New wind college project ‘has not been forgotten’
21st February 2017
BUSINESS chiefs have "not forgotten" the campaign to see an offshore wind college built in the Humber in order to train youngsters from all over the country, MPs have been reassured.
Politicians from all parties have been lobbying to see a national wind college, which would train people up to work in the renewables industry in the North Sea, established along the "Energy Estuary" for a number of years.
It was knocked back by the Government in 2015 when the Humber Local Enterprise Partnership (LEP) was deemed to have missed its submission deadline but the idea was resurrected again last year.
During a meeting last March, ministers committed to stumping-up the cash for it as long as private investment was forthcoming from businesses in the region. But again, despite the issue being raised by MPs in Parliament during a debate in November, talk of on-the-ground support for the college went quiet.
Melanie Onn, MP for Great Grimsby, asked Humber LEP executive director Richard Kendall, when he visited Parliament on Tuesday, to explain why progress had been slow.
"There was a commitment from Government, and Martin Vickers (MP for Cleethorpes) and I worked with ministers to get that support," said Ms Onn.
"It seems to have fizzled out at the LEP end.
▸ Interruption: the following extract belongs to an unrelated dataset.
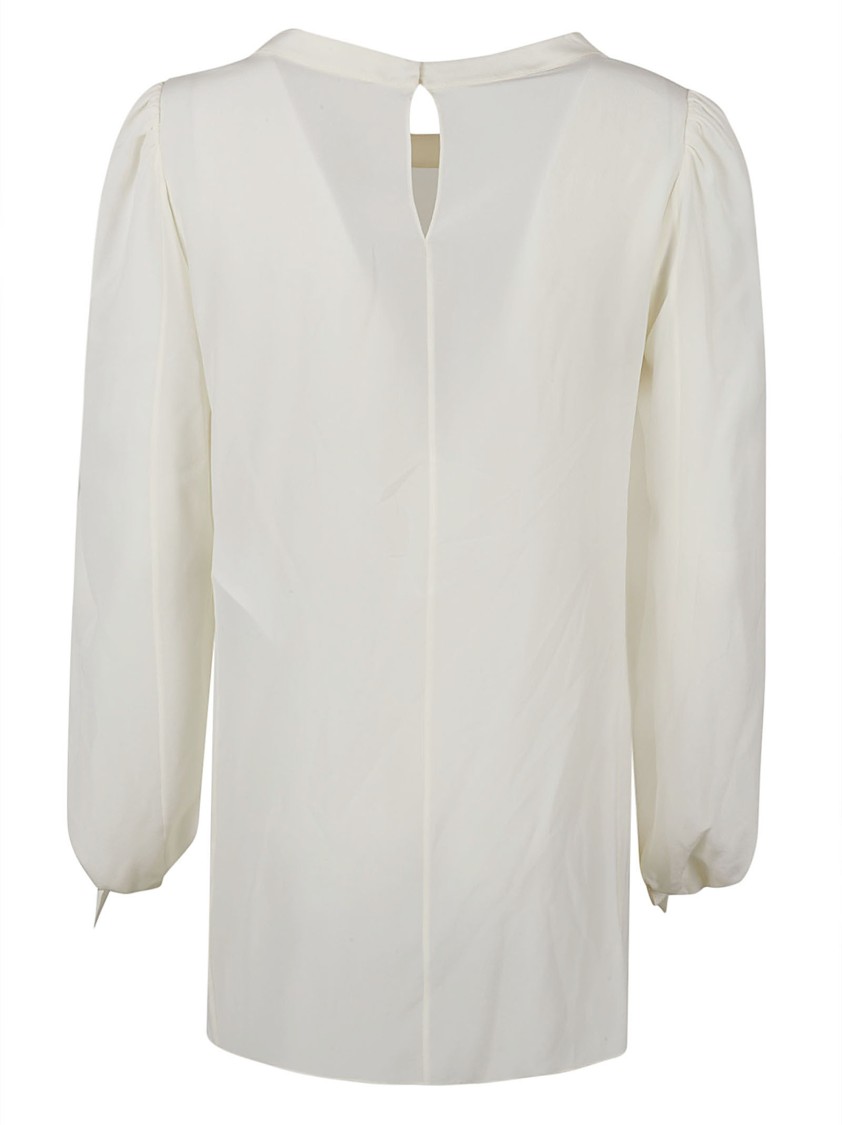Chloé Relaxed-fit Silk Shirt With Billowy Sleeves In White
I don't know if that's businesses not quite getting on board.
"Where is the impetus to drive up skills for an industry that is important in our area?" the Labour MP asked.
Mr Kendall, who had been explaining the work of LEPs to Yorkshire and Humber MPs, assured that the project was "not something we have forgotten".
"I think the reason the national college was turned down (in 2015) was that Government wasn't prepared to commit the funding – it had to come from industry," he said.
"We want to see the Humber become a centre of excellence where we train our own and bring others in for training.
"I don't know if whatever emerges will be a 'national college', as a I don't know if the Government will have moved on from that, but the idea is not something we have forgotten at all."
Speaking after the meeting, Mr Kendall said the establishment of the college remained a "priority" for the LEP. He told the Telegraph: "There's a lot of expertise in this already at Grimsby Institute, Catch and other organisations on the Humber, which we've supported to grow.
"For there to be extra facilities or institutions in addition to this, there has to be a clear business case and that depends on there being demand and commitment from industry. This is something that we continually review."
Mr Vickers, MP for Cleethorpes, asked at the meeting what the future was for the North Killingholme enterprise zone, which brings with it tax benefits, now that the development of the Able site by Dong Energy had been ruled out.
Mr Kendall said the LEP continued to work to bring about a resolution for the site.